If a protest is filed the matter is referred to the board of county commissioners' at the next regular session, which finally determines the differences between the parties. As we have said, the assessed valuation of the tract divided in this instance exceeded two thousand dollars, and it is conceded that no notice was sent by the treasurer to the several persons interested in the tract of the division made by him. It is on this omission that the contention is founded that the certificate in suit is void. But the same law which requires that notice be given persons interested when a division of the taxes is made, if the assessed valuation is over two thousand dollars, further provides that no error or informality in the proceedings of any of the officers connected with the assessment, levying, or collection of taxes, shall vitiate or in any manner affect the tax, but that the court may in the foreclosure action correct defects and supply omissions made by such officers. Session Laws 1899, p. 299, § 18. This provision of the statute, it seems to us, was intended to enable the courts to correct just such omissions as were made by the treasurer in this instance. It was intended to put it in the power of the court on the hearing of a tax foreclosure suit to render judgment as the evident justice of the case required; that is, it was intended that the courts should inquire into the merits of complaints made against tax proceedings, and allow them to prevail only when the matters complained of operated to the injury of the complaining party, and is incurable by any judgment that can' be entered in the foreclosure proceedings. The latter difficulty is not present in this case. The lower court found as a fact, and the finding is unchallenged in this *374court, that the appellant’s half of the block was of greater value than the other half, while the tax levied against it was equally divided. Ho injury, therefore, was done the appellants by the division; and we think that, if effect is to be given to this section of the statute, the proceedings ought not to be set aside.
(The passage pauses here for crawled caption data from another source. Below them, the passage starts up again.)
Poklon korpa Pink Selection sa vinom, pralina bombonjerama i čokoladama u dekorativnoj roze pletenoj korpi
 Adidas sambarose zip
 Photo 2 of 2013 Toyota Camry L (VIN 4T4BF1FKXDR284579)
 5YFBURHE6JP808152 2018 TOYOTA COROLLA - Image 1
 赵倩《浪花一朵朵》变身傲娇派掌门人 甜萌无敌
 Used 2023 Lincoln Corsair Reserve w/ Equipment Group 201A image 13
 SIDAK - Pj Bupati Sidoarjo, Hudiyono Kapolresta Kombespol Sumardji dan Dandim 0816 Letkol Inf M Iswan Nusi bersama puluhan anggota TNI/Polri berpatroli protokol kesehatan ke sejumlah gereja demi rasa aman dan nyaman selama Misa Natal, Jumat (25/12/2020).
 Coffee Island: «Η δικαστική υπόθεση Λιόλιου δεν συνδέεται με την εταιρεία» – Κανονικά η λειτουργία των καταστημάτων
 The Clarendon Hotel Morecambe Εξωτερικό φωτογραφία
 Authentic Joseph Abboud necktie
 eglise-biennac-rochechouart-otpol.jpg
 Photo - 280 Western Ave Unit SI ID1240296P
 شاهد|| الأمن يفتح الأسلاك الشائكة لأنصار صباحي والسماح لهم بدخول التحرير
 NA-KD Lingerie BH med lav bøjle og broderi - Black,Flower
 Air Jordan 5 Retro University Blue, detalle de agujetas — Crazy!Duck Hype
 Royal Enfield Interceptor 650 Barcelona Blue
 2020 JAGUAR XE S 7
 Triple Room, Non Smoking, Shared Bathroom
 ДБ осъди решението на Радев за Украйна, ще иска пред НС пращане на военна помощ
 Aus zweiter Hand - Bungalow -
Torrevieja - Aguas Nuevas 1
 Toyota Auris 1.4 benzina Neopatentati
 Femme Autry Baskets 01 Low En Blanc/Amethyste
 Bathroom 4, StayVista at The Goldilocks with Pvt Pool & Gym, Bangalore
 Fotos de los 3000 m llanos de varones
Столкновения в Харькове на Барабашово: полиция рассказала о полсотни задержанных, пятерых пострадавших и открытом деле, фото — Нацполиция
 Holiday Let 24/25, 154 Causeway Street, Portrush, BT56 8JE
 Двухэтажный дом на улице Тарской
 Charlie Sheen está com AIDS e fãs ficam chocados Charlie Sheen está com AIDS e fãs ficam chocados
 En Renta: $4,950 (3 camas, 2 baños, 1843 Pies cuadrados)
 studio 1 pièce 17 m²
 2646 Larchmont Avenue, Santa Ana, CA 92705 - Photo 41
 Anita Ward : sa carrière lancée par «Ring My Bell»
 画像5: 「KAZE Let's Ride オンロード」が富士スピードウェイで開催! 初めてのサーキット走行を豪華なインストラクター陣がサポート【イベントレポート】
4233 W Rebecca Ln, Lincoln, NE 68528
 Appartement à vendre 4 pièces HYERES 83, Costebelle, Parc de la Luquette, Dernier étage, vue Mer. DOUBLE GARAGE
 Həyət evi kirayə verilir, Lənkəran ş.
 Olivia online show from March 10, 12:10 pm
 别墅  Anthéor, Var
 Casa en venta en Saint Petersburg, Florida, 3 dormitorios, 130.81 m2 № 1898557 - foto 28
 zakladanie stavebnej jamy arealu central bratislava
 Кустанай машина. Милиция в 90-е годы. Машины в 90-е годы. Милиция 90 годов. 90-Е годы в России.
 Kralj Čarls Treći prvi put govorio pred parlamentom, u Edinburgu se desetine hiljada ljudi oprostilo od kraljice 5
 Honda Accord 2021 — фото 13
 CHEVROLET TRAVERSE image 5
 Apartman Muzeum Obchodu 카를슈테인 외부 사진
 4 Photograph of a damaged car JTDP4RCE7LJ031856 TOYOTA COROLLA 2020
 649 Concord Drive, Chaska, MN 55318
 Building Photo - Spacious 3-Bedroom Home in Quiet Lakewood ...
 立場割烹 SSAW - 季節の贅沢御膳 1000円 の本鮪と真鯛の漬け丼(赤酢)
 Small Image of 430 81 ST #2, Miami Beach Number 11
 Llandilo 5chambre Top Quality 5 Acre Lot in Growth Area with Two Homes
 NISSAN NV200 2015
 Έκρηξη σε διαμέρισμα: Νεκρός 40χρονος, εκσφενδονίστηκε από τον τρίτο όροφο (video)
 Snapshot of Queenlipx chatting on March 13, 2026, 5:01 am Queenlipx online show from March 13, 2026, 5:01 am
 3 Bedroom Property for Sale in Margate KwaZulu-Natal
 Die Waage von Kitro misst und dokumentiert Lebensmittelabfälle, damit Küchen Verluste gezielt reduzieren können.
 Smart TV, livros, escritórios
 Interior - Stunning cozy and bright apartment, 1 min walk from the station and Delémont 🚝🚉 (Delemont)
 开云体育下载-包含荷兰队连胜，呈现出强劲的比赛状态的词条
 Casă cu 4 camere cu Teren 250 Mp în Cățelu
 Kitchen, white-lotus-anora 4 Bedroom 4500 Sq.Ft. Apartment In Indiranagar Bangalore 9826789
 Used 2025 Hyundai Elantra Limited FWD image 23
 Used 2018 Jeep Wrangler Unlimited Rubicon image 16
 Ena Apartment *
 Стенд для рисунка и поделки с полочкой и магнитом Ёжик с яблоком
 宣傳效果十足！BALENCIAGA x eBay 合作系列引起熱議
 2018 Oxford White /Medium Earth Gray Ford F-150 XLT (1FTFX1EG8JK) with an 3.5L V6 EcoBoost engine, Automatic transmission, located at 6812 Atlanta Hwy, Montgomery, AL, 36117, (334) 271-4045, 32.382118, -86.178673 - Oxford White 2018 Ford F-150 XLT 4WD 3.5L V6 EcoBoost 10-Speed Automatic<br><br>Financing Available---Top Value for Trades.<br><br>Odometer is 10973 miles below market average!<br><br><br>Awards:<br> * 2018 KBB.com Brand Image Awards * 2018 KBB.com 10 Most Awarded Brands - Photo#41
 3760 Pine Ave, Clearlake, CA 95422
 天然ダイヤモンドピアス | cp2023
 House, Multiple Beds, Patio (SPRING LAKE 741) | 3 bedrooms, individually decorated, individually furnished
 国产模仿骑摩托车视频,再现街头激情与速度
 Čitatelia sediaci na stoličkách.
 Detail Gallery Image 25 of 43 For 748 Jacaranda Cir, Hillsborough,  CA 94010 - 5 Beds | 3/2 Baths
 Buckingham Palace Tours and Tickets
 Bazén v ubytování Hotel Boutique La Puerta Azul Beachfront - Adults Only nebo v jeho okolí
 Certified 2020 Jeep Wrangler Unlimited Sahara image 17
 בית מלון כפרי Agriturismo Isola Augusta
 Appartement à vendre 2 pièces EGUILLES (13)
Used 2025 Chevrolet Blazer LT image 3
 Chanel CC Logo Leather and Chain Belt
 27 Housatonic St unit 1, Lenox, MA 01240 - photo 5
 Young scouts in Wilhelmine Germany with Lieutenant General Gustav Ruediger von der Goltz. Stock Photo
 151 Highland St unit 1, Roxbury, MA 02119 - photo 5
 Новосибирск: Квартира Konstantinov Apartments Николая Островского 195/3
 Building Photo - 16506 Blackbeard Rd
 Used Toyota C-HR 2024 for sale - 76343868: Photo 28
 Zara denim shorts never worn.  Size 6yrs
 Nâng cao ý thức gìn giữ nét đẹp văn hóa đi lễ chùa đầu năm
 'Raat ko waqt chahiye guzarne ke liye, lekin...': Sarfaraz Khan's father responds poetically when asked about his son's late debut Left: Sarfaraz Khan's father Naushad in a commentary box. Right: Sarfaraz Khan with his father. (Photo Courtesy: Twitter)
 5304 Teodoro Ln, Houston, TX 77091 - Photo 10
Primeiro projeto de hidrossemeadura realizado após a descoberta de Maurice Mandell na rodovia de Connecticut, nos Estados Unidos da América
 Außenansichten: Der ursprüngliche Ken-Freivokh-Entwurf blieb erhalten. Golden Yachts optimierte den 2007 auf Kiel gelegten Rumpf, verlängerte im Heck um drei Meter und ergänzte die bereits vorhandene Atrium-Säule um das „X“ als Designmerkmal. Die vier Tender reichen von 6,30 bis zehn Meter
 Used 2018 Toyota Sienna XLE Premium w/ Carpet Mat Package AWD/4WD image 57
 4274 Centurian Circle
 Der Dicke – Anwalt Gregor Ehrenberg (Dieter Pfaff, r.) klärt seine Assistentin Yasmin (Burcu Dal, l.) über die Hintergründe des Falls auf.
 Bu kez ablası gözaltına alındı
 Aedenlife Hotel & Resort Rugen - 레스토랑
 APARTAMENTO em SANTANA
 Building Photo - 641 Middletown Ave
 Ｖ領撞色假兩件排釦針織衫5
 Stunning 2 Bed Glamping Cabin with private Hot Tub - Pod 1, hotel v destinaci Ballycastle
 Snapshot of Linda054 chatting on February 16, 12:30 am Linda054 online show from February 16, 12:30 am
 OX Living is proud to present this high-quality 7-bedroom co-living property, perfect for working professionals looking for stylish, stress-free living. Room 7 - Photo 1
But why may not the proceedings be sustained on broader grounds. The state had power to levy the tax originally, and power to more specifically apportion it after it was levied. By its final action it has charged the land with no more than its just share of the public tax. It has violated no constitutional right of the appellants. Before declaring the lien of the tax irrevocable, it has given them their day in court, where they had the opportunity to dispute every question going to the right and power of the sate to charge the property with the tax. Despite this opportunity, it has not been shown that the property has been charged with a single dollar that it ought not, in justice and right, to be charged with. Surely, where these conditions appear, the courts ought' not to declare the tax void because of the mere omission of a ministerial officer to perform a statutory duty. When a tax is declared void, the effect is always to release certain property of its just proportion of the public. taxes, and unjustly increase that of other property. On the plainest principles of equity and justice, therefore, the courts ought to insist that a showing of injury incapable of being corrected be made, before it declares the tax void. We think the judgment should stand affirmed, and it is so ordered.

Mount, Hadley, Andebs and Dunbar, JJ., concur.